> **TASK INPUTS**:

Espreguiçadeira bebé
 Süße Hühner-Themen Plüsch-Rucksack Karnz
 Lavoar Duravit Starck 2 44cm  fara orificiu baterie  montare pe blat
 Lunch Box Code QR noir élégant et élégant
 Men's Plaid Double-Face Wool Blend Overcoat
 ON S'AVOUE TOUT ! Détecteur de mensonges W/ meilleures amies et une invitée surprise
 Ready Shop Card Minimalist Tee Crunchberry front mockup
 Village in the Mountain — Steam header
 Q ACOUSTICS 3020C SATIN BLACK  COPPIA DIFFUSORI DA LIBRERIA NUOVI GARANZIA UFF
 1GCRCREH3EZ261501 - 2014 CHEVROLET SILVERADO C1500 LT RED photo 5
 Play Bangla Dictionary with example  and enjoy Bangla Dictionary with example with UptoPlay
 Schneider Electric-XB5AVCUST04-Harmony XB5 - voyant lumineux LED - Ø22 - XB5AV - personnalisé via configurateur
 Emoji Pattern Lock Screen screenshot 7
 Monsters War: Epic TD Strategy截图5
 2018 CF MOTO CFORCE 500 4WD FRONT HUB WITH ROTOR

> **REQUIREMENT**:
The listing must be repeated in full, with nothing altered.

> **EXPECTED ANSWER**:
Espreguiçadeira bebé
 Süße Hühner-Themen Plüsch-Rucksack Karnz
 Lavoar Duravit Starck 2 44cm  fara orificiu baterie  montare pe blat
 Lunch Box Code QR noir élégant et élégant
 Men's Plaid Double-Face Wool Blend Overcoat
 ON S'AVOUE TOUT ! Détecteur de mensonges W/ meilleures amies et une invitée surprise
 Ready Shop Card Minimalist Tee Crunchberry front mockup
 Village in the Mountain — Steam header
 Q ACOUSTICS 3020C SATIN BLACK  COPPIA DIFFUSORI DA LIBRERIA NUOVI GARANZIA UFF
 1GCRCREH3EZ261501 - 2014 CHEVROLET SILVERADO C1500 LT RED photo 5
 Play Bangla Dictionary with example  and enjoy Bangla Dictionary with example with UptoPlay
 Schneider Electric-XB5AVCUST04-Harmony XB5 - voyant lumineux LED - Ø22 - XB5AV - personnalisé via configurateur
 Emoji Pattern Lock Screen screenshot 7
 Monsters War: Epic TD Strategy截图5
 2018 CF MOTO CFORCE 500 4WD FRONT HUB WITH ROTOR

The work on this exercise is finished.